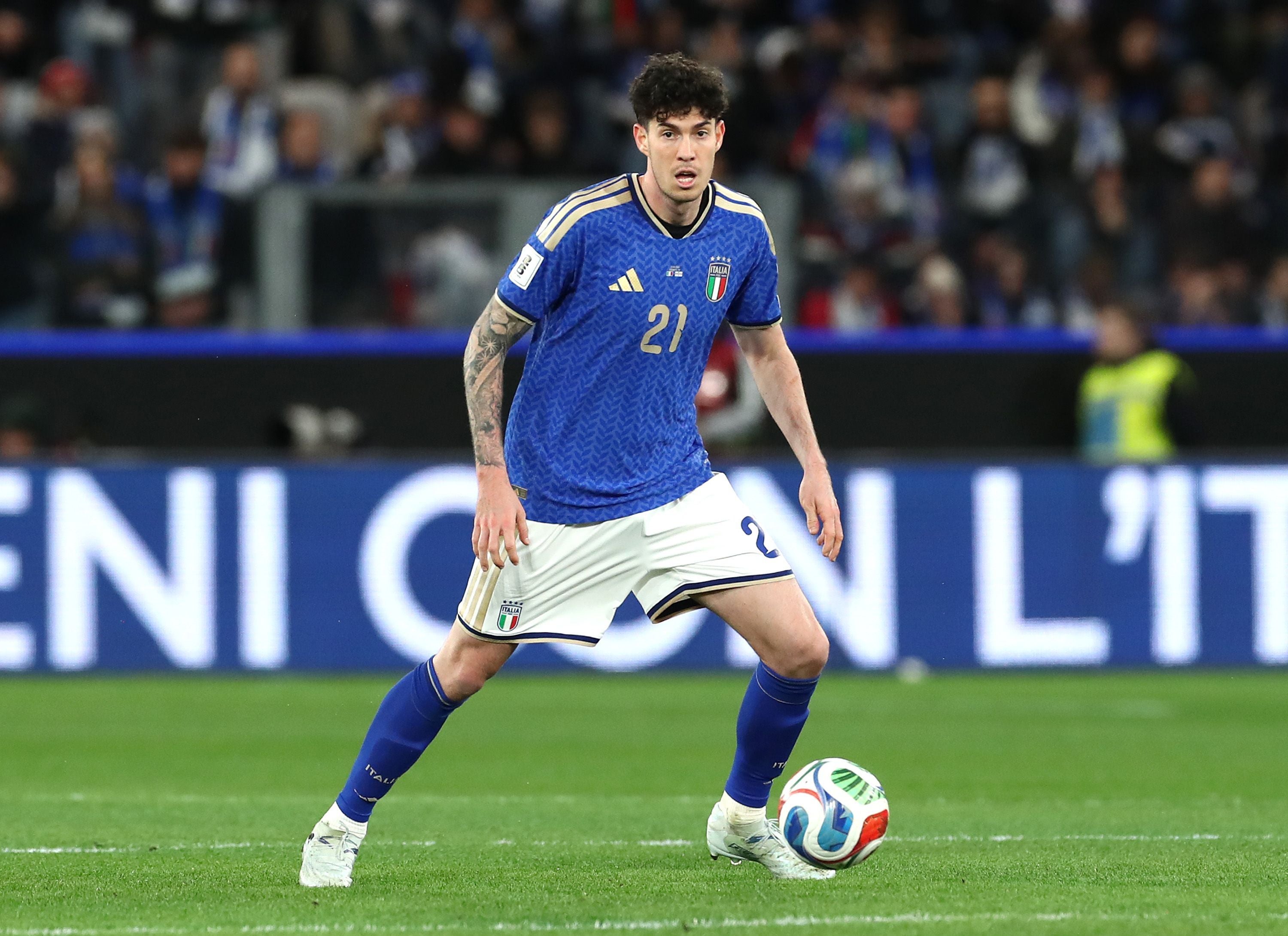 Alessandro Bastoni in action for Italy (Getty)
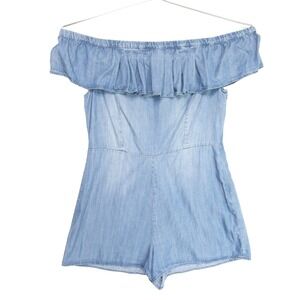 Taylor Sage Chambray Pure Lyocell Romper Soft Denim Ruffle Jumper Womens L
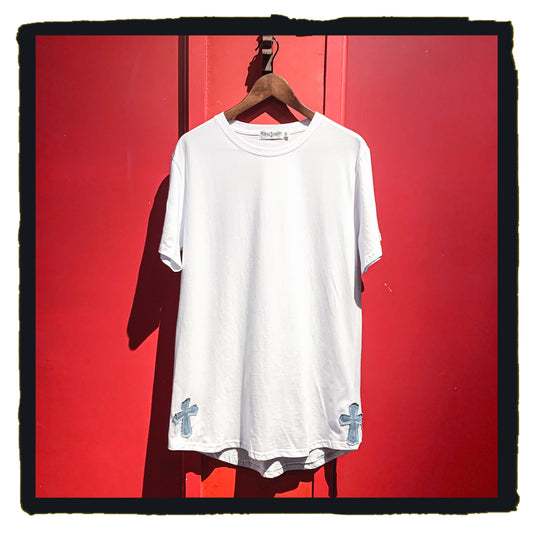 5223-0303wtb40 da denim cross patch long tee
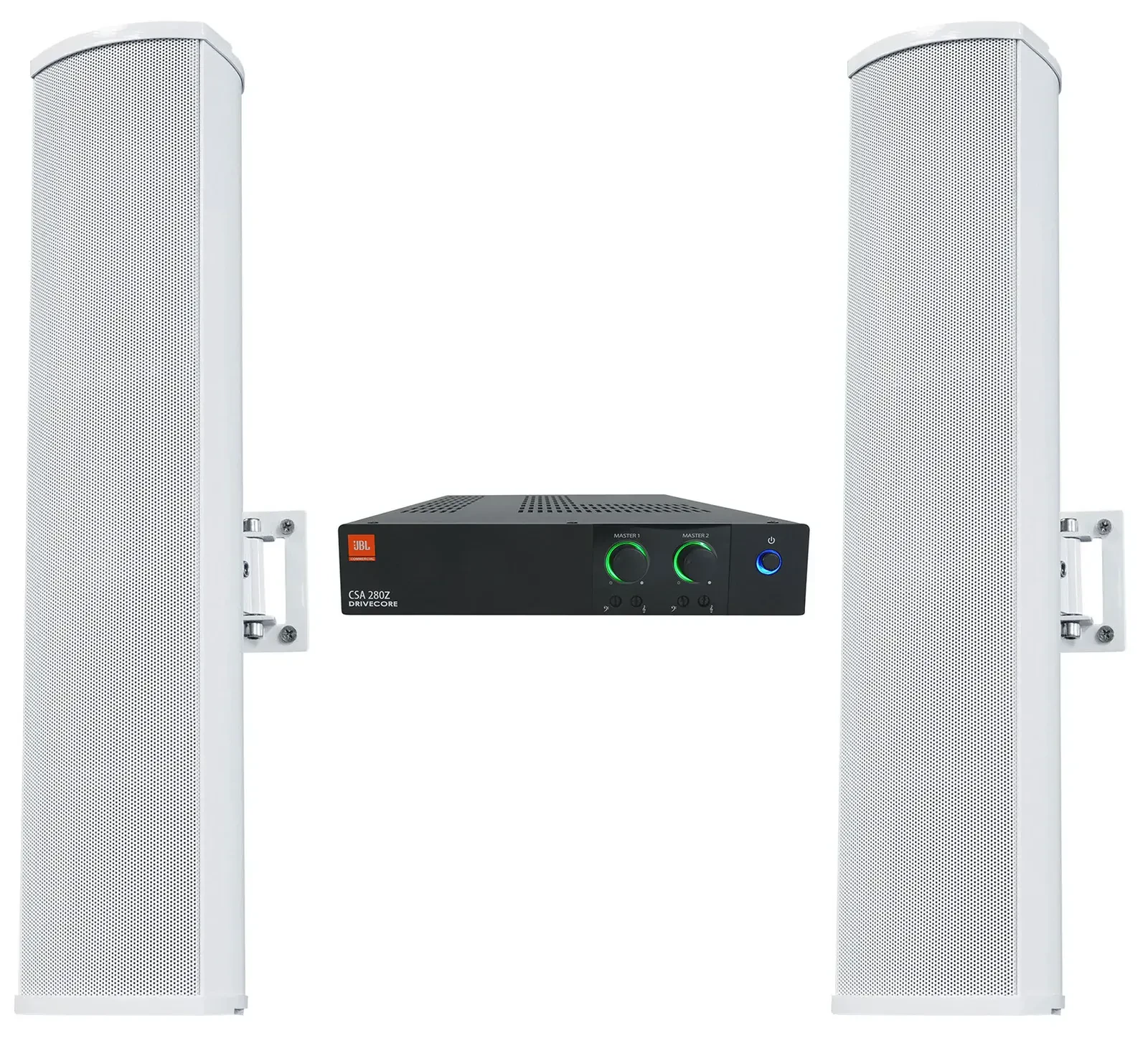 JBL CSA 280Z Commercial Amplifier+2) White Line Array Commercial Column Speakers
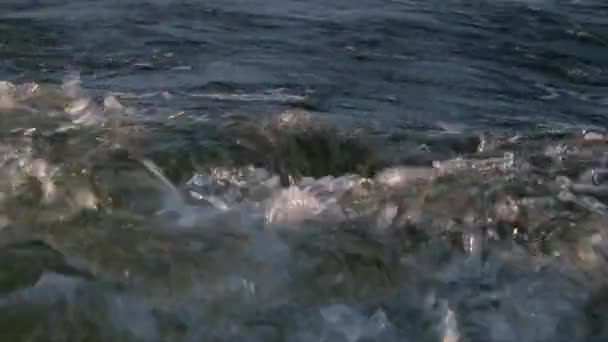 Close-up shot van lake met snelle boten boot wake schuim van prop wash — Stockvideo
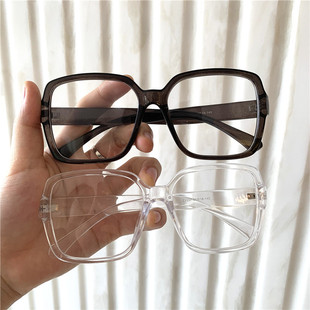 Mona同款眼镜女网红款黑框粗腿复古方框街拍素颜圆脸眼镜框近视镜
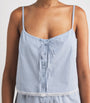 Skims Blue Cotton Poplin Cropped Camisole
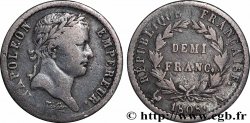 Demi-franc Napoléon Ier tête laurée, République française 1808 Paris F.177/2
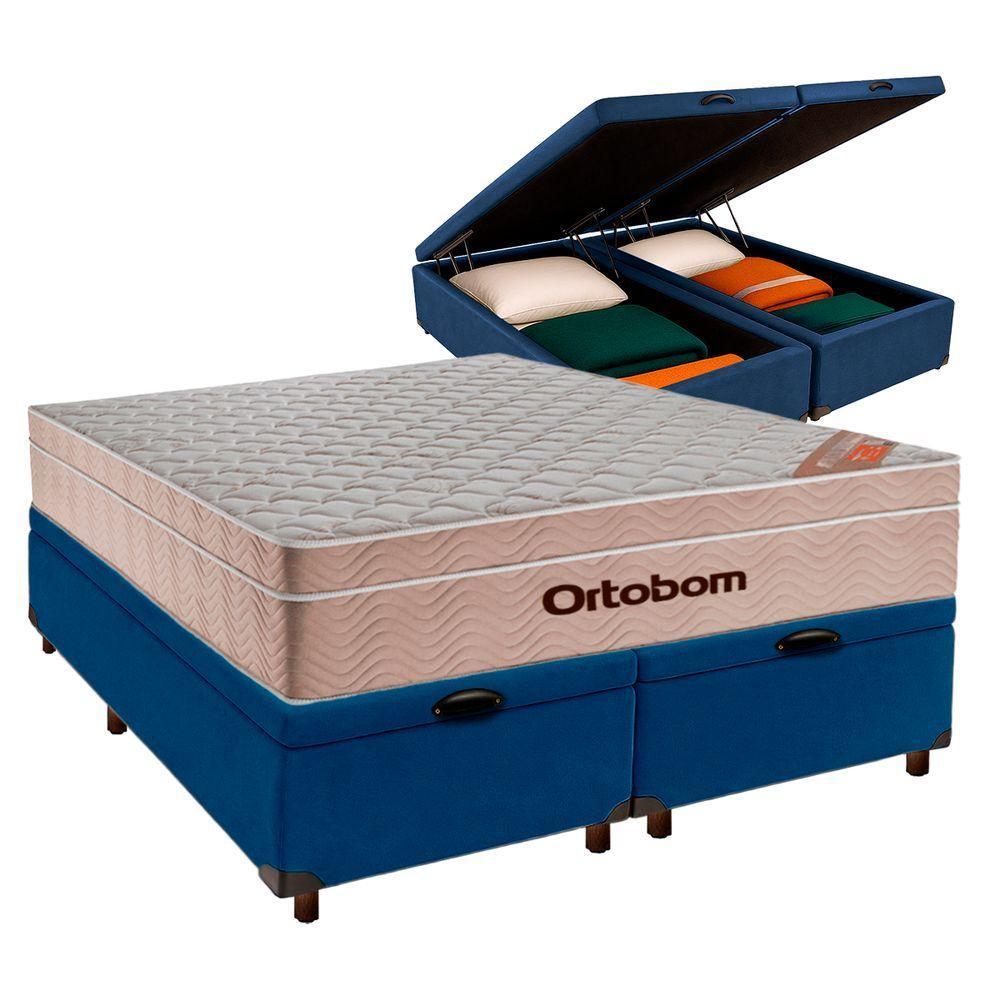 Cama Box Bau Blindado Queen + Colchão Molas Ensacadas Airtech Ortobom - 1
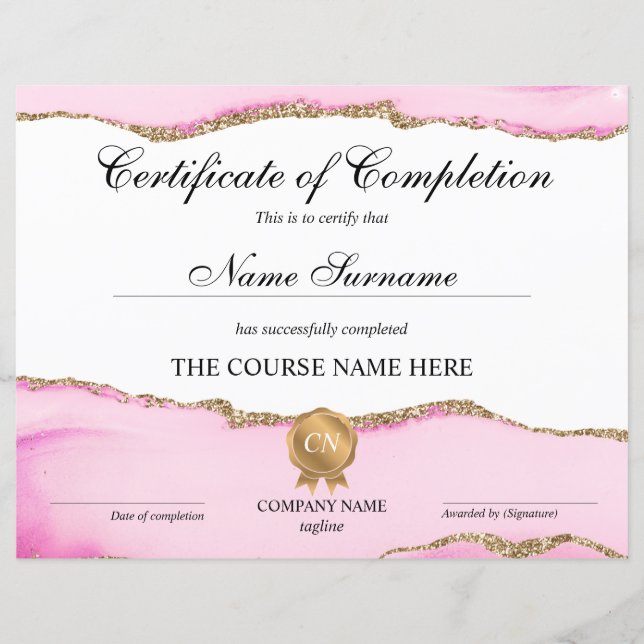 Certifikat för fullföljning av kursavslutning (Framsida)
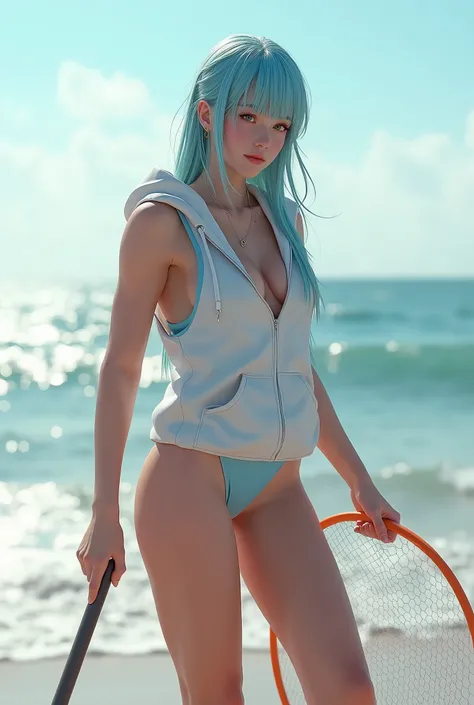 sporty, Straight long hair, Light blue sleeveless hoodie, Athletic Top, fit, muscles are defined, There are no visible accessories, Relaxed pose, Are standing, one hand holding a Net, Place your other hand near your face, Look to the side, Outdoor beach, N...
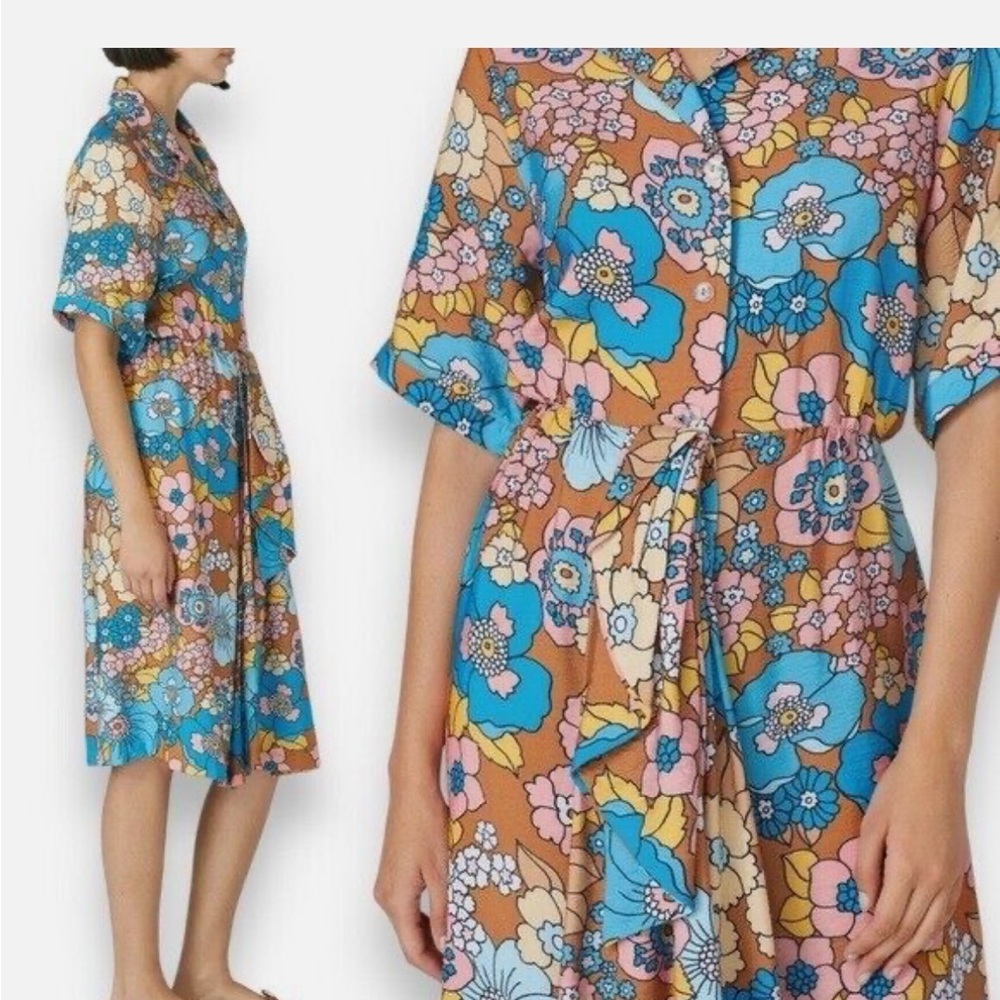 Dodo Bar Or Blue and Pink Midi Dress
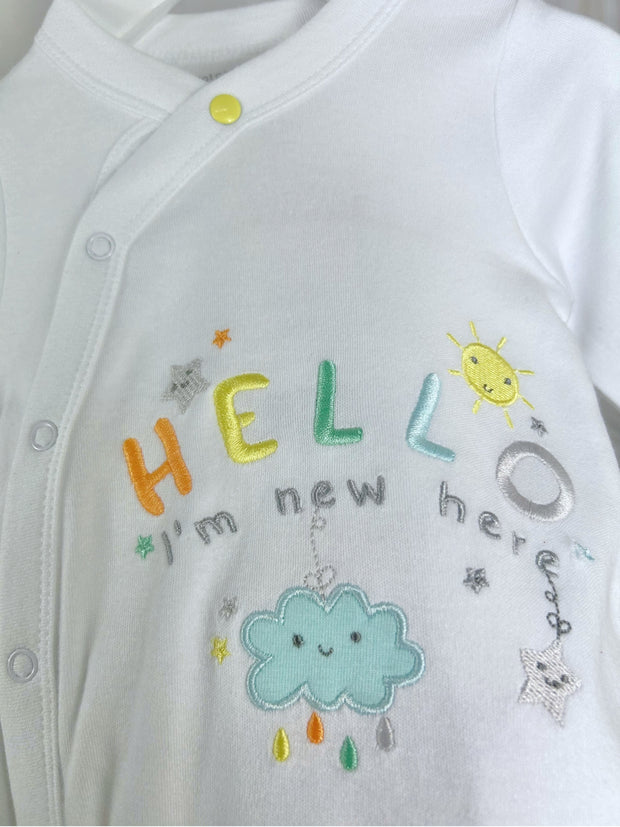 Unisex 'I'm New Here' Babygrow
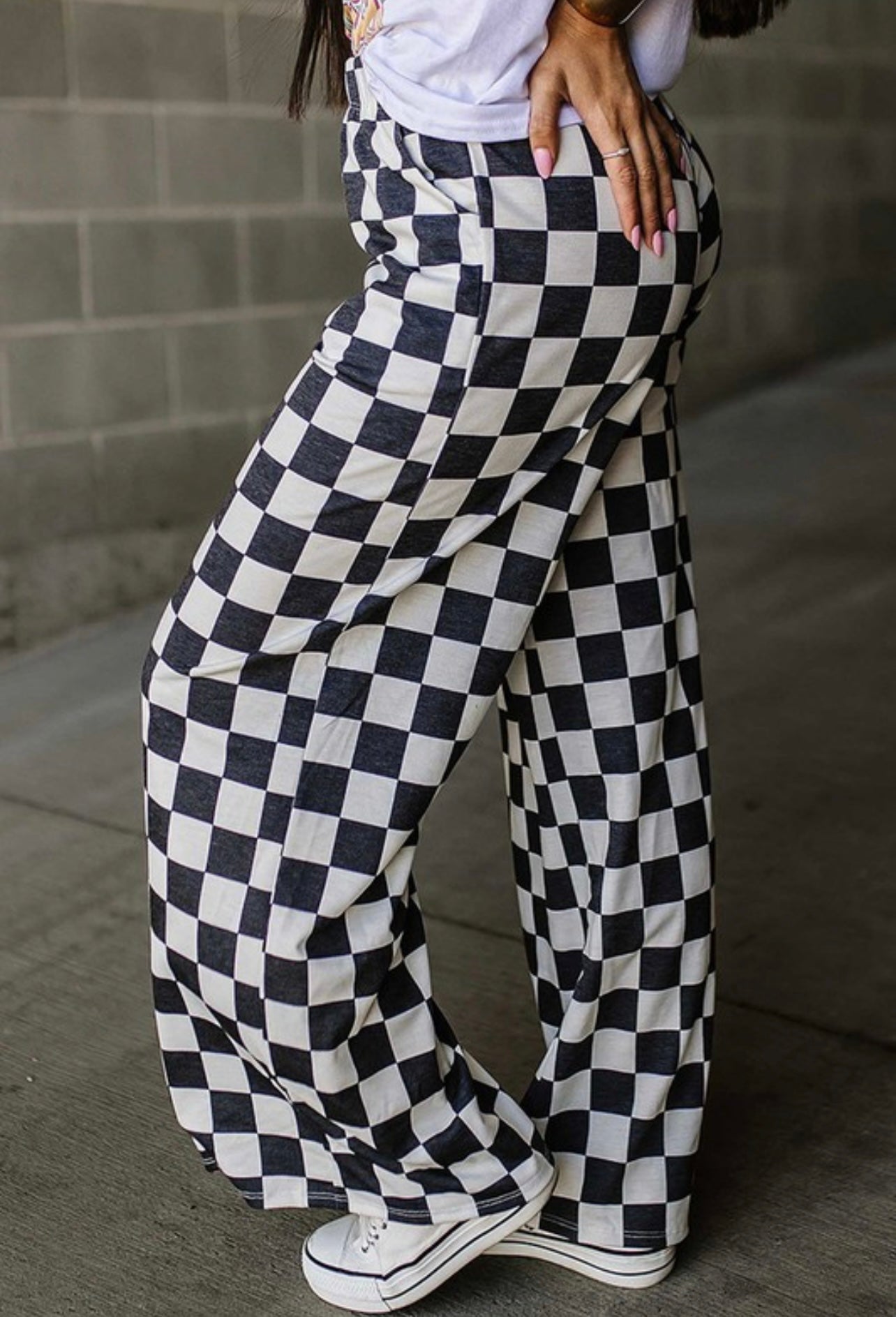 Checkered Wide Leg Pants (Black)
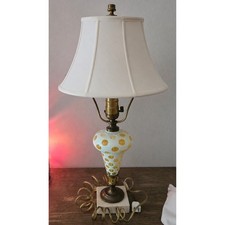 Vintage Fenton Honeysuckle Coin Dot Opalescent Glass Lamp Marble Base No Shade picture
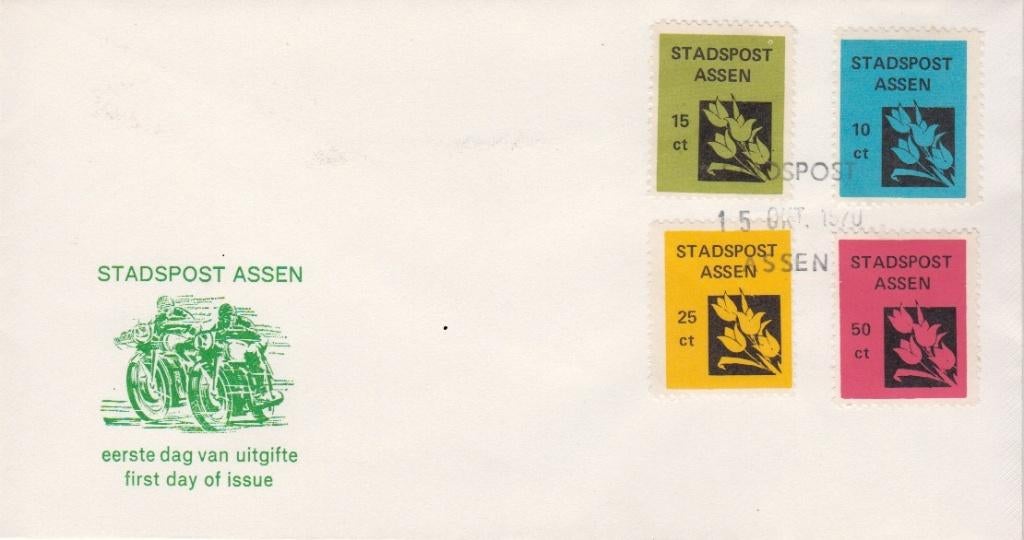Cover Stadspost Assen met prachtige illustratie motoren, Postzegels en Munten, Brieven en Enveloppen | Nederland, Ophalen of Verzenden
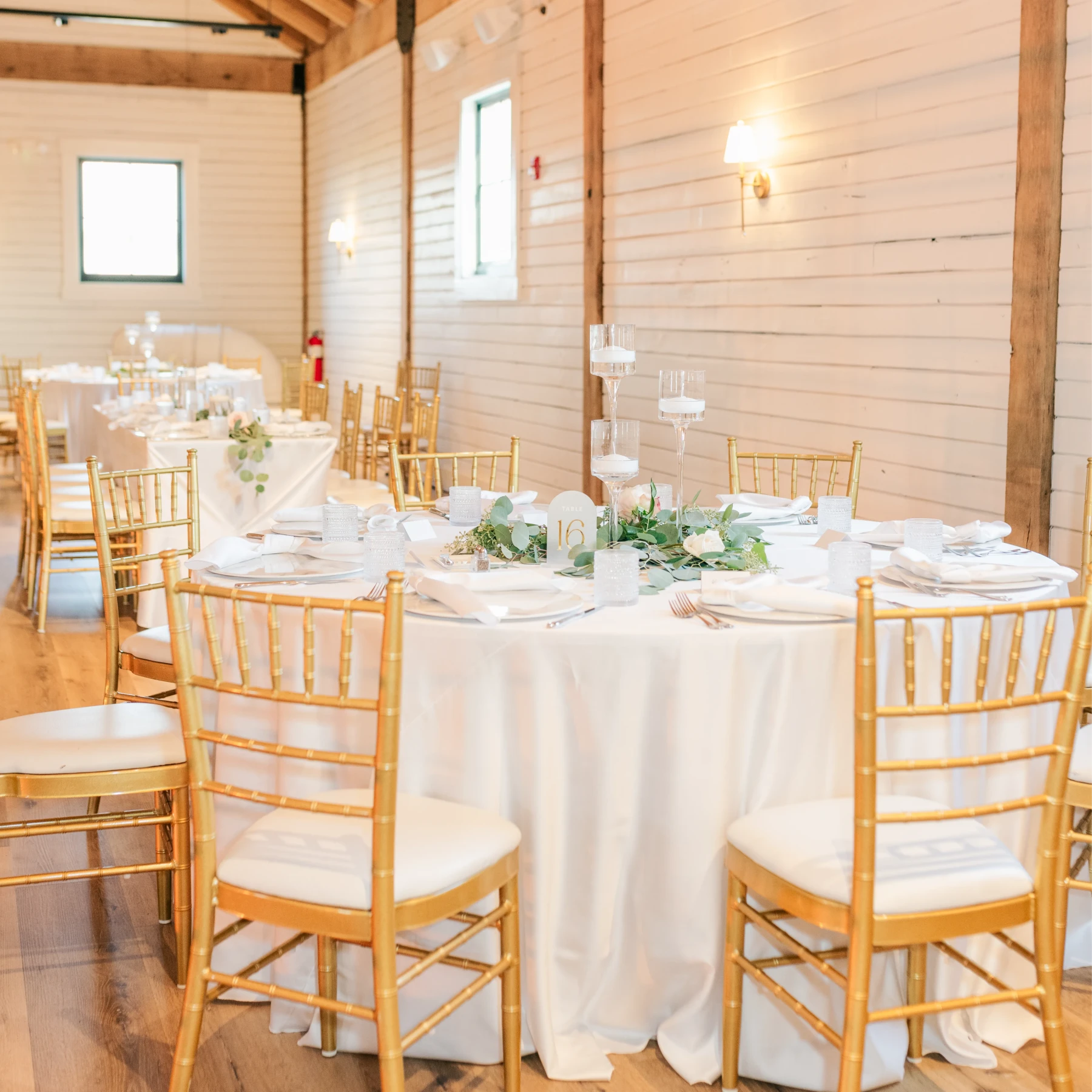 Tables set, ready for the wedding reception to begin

--- --- ---

- Aim of the task
Please, without any of the pictures, set down exactly the lines from the beginning of the listing to the line that contains "Skims Blue Cotton Poplin Cropped Camisole", inclusive.

- Task result
 Alessandro Bastoni in action for Italy (Getty)
 Taylor Sage Chambray Pure Lyocell Romper Soft Denim Ruffle Jumper Womens L
 5223-0303wtb40 da denim cross patch long tee
 JBL CSA 280Z Commercial Amplifier+2) White Line Array Commercial Column Speakers
 Close-up shot van lake met snelle boten boot wake schuim van prop wash — Stockvideo
 Mona同款眼镜女网红款黑框粗腿复古方框街拍素颜圆脸眼镜框近视镜
 Skims Blue Cotton Poplin Cropped Camisole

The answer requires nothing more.